C++17的值类别

几年前写的一篇C++11的值类别,有朋友指出了里面的一些问题

改完小问题以后,回头看感觉其实写的很烂,很多重要内容没有提到,当然这和C++11的值类别本身比较晦涩,我当时理解的也很烂有关系

刚好C++17简化了值类别,那么直接再写一篇关于值类别的文章

表达式的类型和值类别

表达式有两个属性

  • 类型:描述计算产生的值的静态类型
  • 值类别:描述值是如何产生的,以及表达式的行为如何被影响

表达式之间能够赋值,不只是需要判断类型,还需要判断值类别是否成立

例如表达式“7”的类型是int,表达式“5+2”的类型是int

7 = 5+2这个表达式无法编译,两个表达式的类型成立,但是值类别无法成立

传统的值类别

在=号左边的就是左值,右边的就是右值

回顾C++98的值类别

在C++11以前,值类别几乎没有什么存在感

根据C++98的标准定义(3.10 Lvalues and rvalues)

Every expression is either an lvalue or an rvalue.

An lvalue refers to an object or function. Some rvalue expressions—those of class or cv-qualified class type—also refer to objects

这个定义很模糊,左值是指对象或函数,右值也是对象,基本上等于啥也没说

随后标准列举了一些表达式是左右值细则,其中有一条是

Whenever an lvalue appears in a context where an rvalue is expected, the lvalue is converted to an rvalue; see 4.1, 4.2, and 4.3.

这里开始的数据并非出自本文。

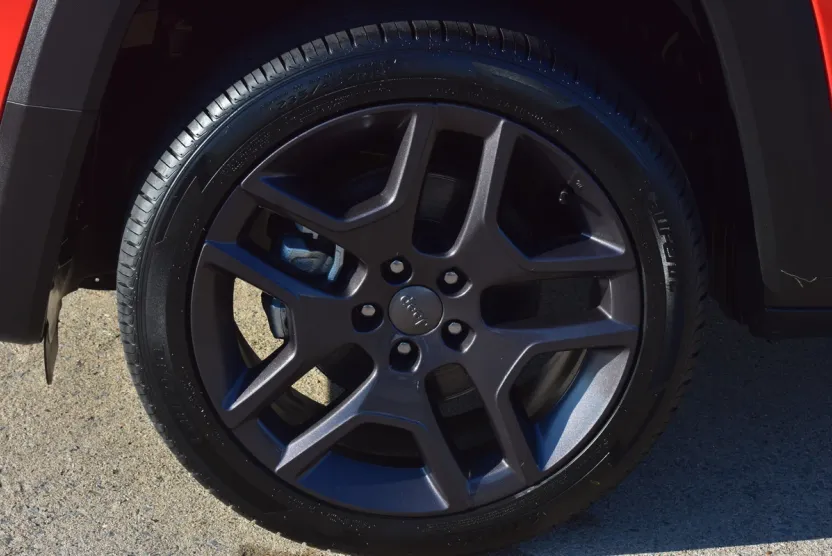 2022 Jeep Renegade Red Edition photo 1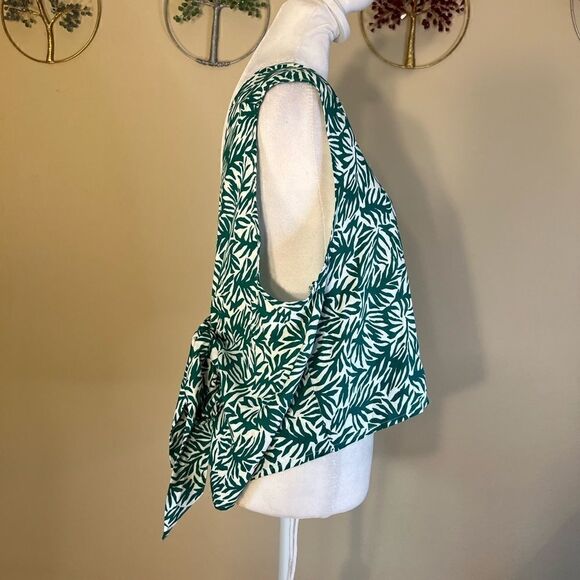 Topshop Green and White Abstract Leaf Print Tie Crop Size 10 - Picture 4 of 9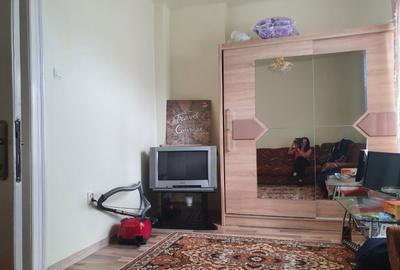 Apartament cu 3 camere decomandat în Central - 1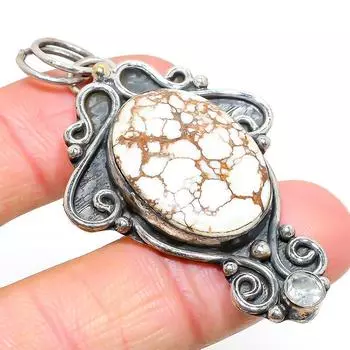 Natural Wild Horse, White Topaz Gemstone 925 Sterling Silver Pendant 2.40 H8u96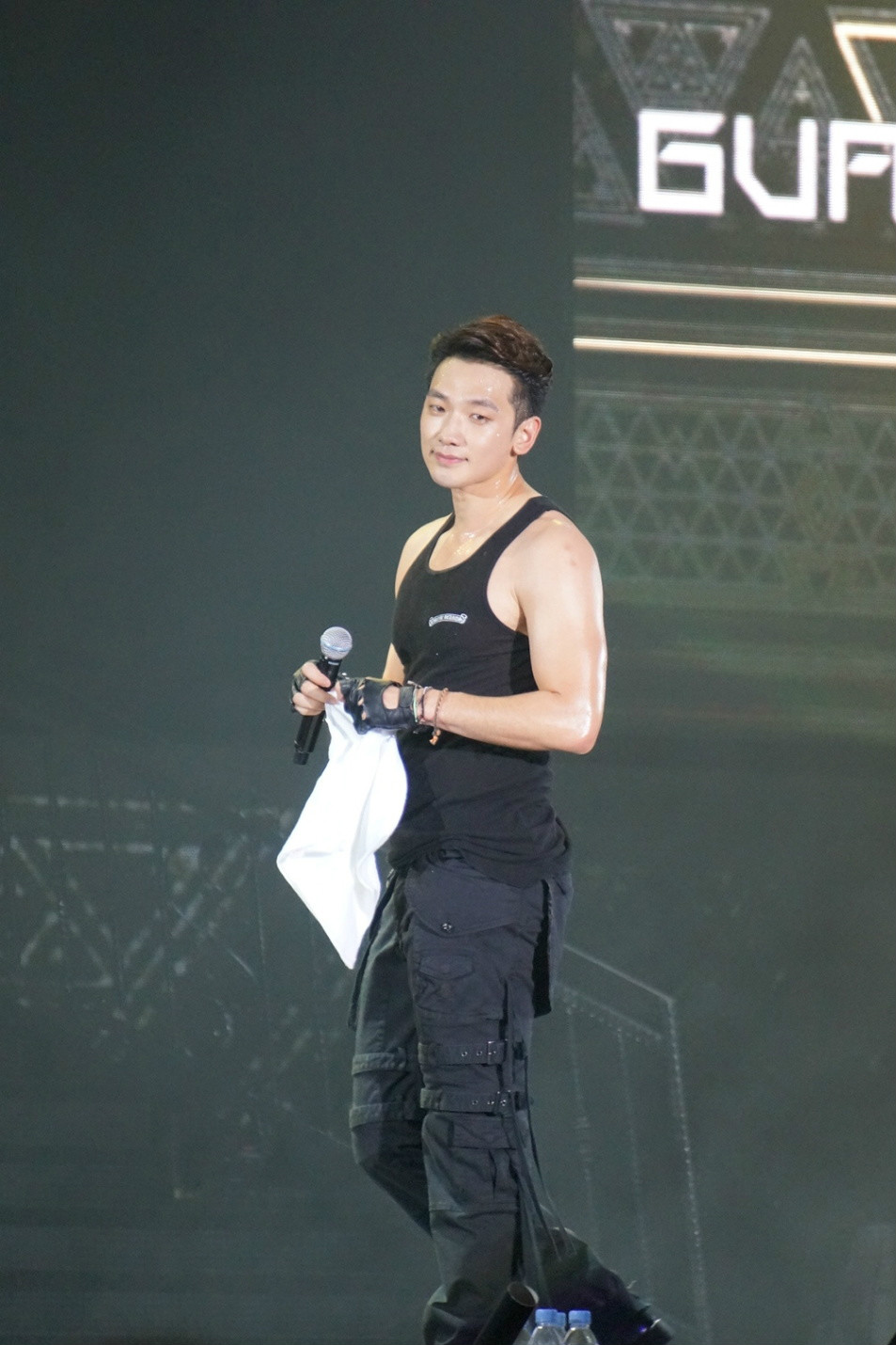  p>郑智薰(rain),1982年6月25日出生于韩国首尔,韩国流行男歌手,演员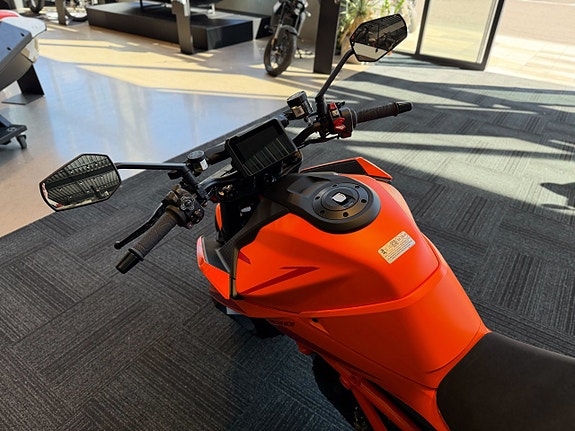 KTM 1390 SUPER DUKE R *HÖSTDEAL* (Ink tech pack) 8 of 8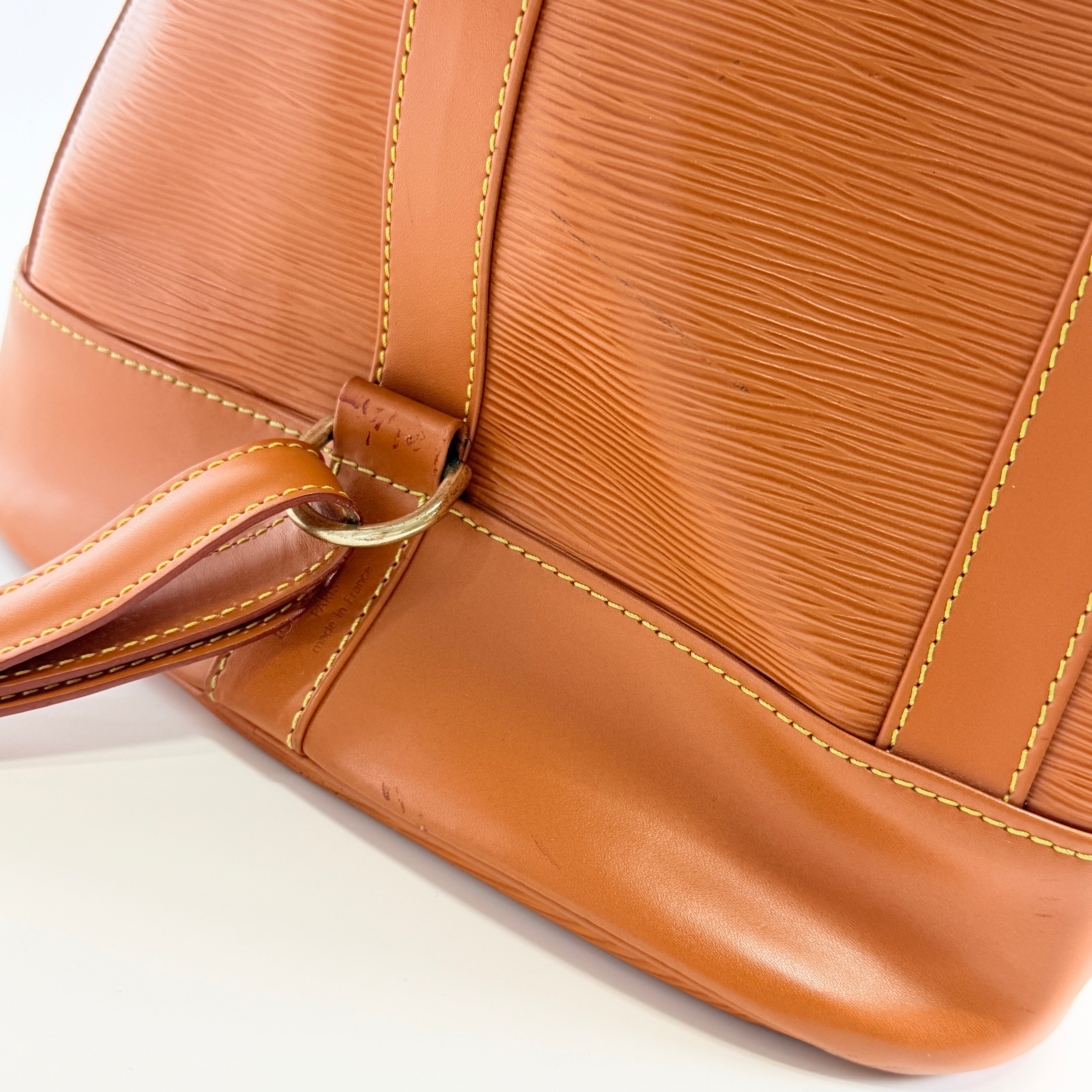 2608 secondhand LV Epi Randonnee PM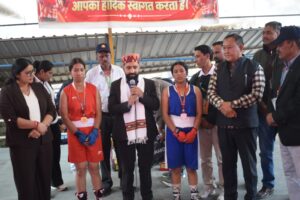 उपायुक्त डॉ. अमित कुमार शर्मा ने किया मुक्केबाजी प्रतियोगिता का समापन, विजेताओं को मेडल पहनाकर किया सम्मानित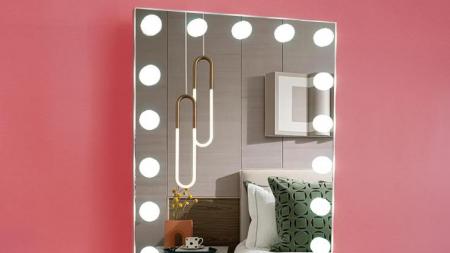 Install LED bulb lights on the desktop makeup mirror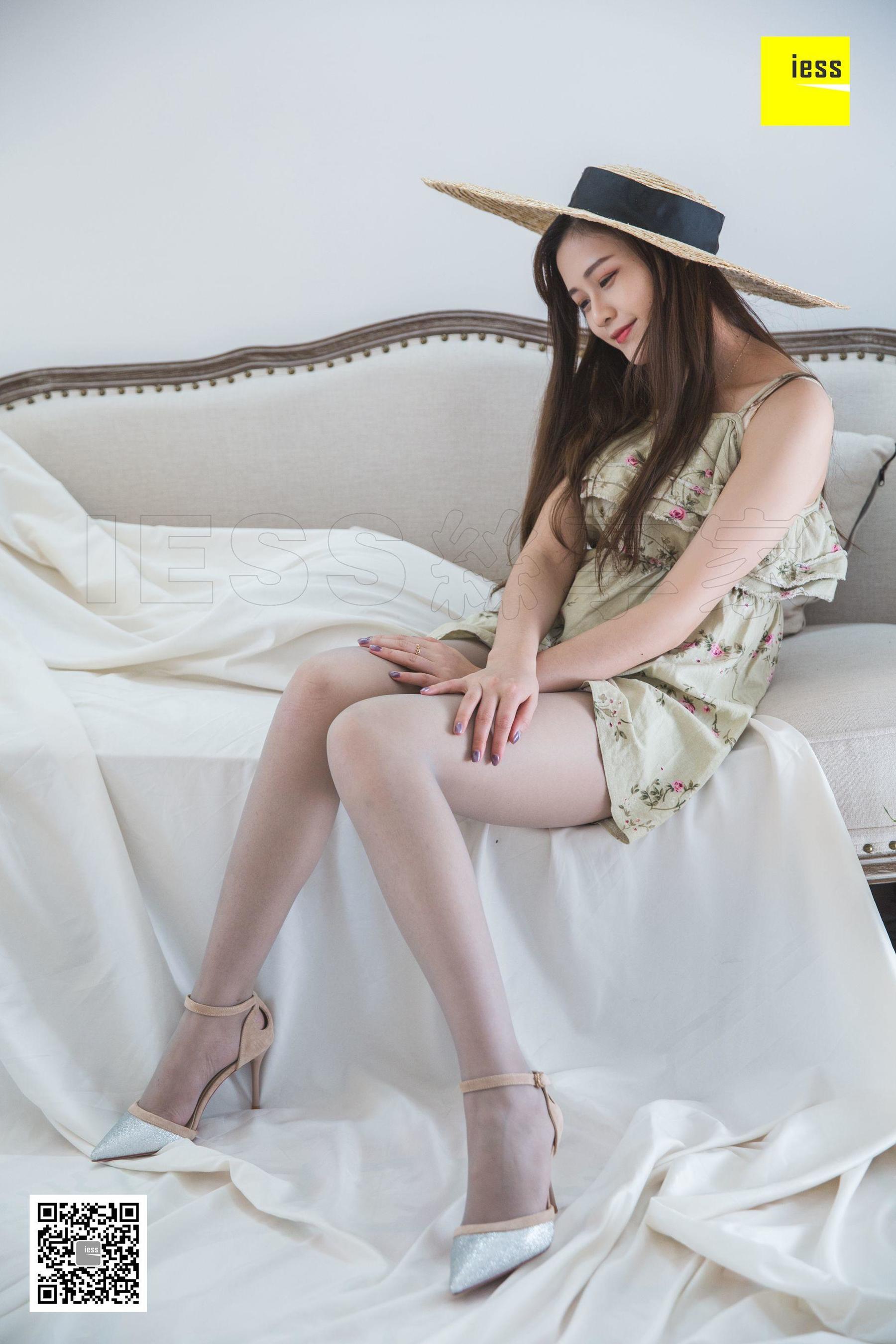 [异思趣向IESS] 模特九妹《九妹碎花裙灰丝》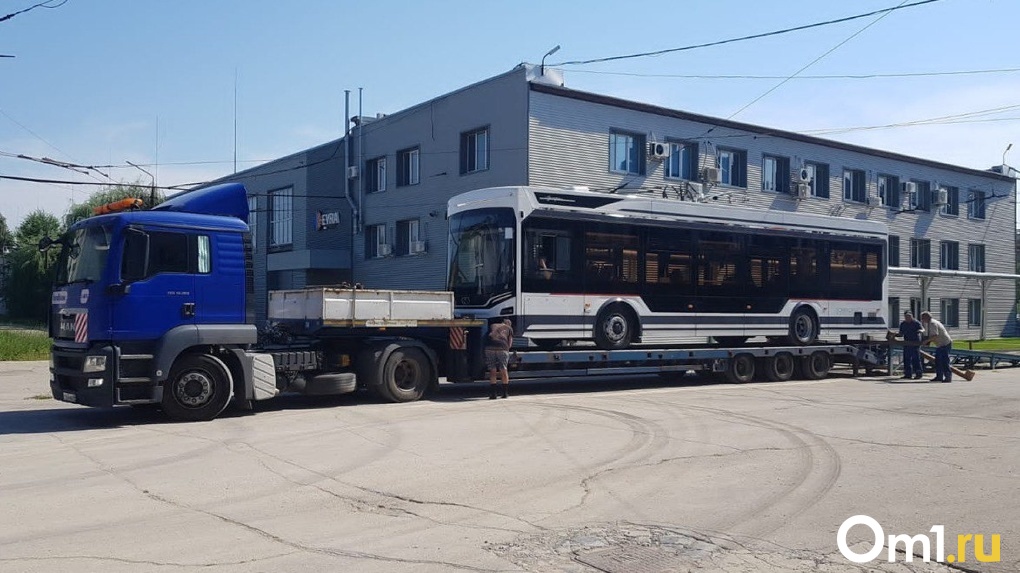 В Омск в ближайшие выходные прибудут два новых троллейбуса «Адмирал»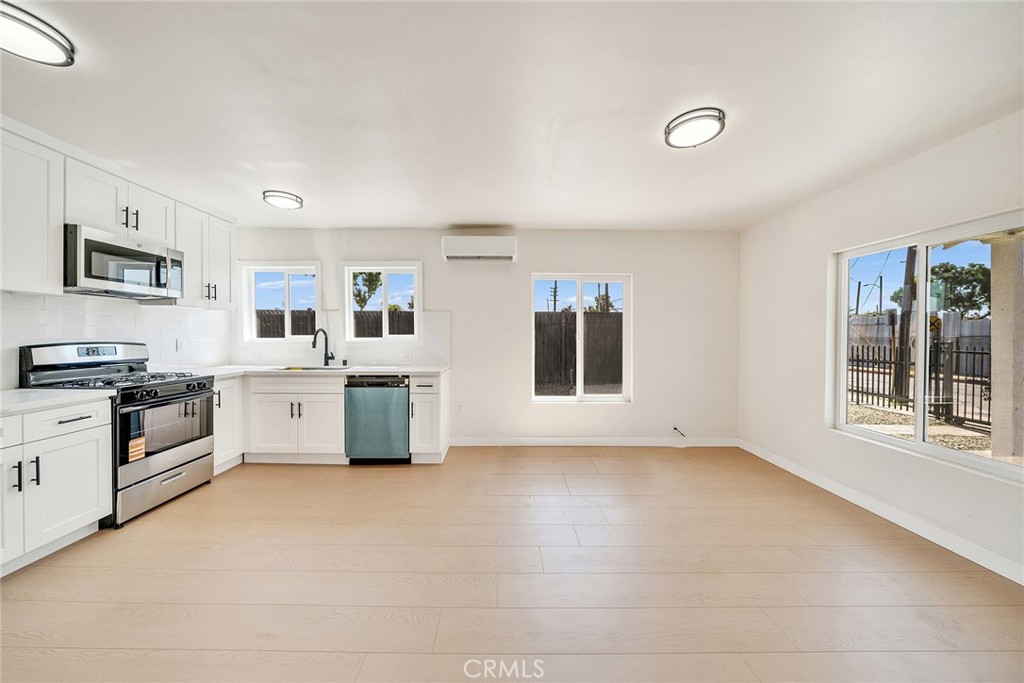 215 E Elm Street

然后在4.1 Lvalue-to-rvalue conversion中正式定义了左值到右值的转换:

An lvalue (3.10) of a non-function, non-array type T can be converted to an rvalue.

因此对表达式"5+2"来说,它是一个左值,但是当他出现在等号右边时,会隐式转换成右值

回顾C++11的值类别

到了C++11以后,值类别被重新进行了定义

img
  • An lvalue (so called, historically, because lvalues could appear on the left-hand side of an assignment expression) designates a function or an object. [Example: If E is an expression of pointer type, then *E is an lvalue expression referring to the object or function to which E points. As another example, the result of calling a function whose return type is an lvalue reference is an lvalue. —end example ]
  • An xvalue (an “eXpiring” value) also refers to an object, usually near the end of its lifetime (so that its resources may be moved, for example). An xvalue is the result of certain kinds of expressions involving rvalue references (8.3.2). [Example: The result of calling a function whose return type is an rvalue reference is an xvalue. —end example ]
  • A glvalue (“generalized” lvalue) is an lvalue or an xvalue.
  • An rvalue (so called, historically, because rvalues could appear on the right-hand side of an assignment expression) is an xvalue, a temporary object (12.2) or subobject thereof, or a value that is not associated with an object.
  • A prvalue (“pure” rvalue) is an rvalue that is not an xvalue. [Example: The result of calling a function whose return type is not a reference is a prvalue. The value of a literal such as 12, 7.3e5, or true is also a prvalue. —end example ]

由于被分为了左值(lvalue),将亡值(xvalue)和纯右值(pvalue)三个最细分的类型,因此直接读标准显得非常难以理解

根据cppreference的定义

With the introduction of move semantics in C++11, value categories were redefined to characterize two independent properties of expressions[5]:

  • has identity: it's possible to determine whether the expression refers to the same entity as another expression, such as by comparing addresses of the objects or the functions they identify (obtained directly or indirectly);
  • can be moved from: move constructor, move assignment operator, or another function overload that implements move semantics can bind to the expression.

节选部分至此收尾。